(DATASET ENTRIES)

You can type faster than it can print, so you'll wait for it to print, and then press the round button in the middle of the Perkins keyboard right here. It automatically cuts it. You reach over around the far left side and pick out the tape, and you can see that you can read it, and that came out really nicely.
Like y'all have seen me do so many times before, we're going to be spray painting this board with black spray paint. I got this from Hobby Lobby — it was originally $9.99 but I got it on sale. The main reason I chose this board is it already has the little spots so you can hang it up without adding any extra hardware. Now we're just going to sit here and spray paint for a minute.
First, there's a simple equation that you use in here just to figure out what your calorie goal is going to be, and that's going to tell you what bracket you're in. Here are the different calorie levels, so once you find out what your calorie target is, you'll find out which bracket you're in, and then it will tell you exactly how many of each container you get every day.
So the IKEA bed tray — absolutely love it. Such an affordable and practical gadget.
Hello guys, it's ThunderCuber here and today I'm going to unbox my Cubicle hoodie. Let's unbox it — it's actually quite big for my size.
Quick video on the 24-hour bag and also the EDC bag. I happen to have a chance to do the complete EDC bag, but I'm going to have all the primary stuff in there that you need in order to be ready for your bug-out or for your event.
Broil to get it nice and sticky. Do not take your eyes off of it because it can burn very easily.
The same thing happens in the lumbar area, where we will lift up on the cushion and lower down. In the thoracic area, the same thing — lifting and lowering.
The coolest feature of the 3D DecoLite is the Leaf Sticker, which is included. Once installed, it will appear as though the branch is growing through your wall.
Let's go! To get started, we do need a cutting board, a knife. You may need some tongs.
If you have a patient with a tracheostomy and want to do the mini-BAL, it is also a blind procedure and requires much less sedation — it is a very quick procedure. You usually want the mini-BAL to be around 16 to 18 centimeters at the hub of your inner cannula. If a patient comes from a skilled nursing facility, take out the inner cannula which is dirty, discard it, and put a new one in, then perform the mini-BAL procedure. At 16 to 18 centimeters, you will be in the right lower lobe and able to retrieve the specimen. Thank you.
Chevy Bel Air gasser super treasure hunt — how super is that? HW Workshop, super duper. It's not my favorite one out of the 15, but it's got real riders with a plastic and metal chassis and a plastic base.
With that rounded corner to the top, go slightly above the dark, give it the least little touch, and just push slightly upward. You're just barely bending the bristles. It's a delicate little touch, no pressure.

(End DATASET ENTRIES)

§ HOW TO COMPLETE THIS TASK: Gather each line in the data that holds the string "also".

§ EXERCISE OUTPUT:
Quick video on the 24-hour bag and also the EDC bag. I happen to have a chance to do the complete EDC bag, but I'm going to have all the primary stuff in there that you need in order to be ready for your bug-out or for your event.
If you have a patient with a tracheostomy and want to do the mini-BAL, it is also a blind procedure and requires much less sedation — it is a very quick procedure. You usually want the mini-BAL to be around 16 to 18 centimeters at the hub of your inner cannula. If a patient comes from a skilled nursing facility, take out the inner cannula which is dirty, discard it, and put a new one in, then perform the mini-BAL procedure. At 16 to 18 centimeters, you will be in the right lower lobe and able to retrieve the specimen. Thank you.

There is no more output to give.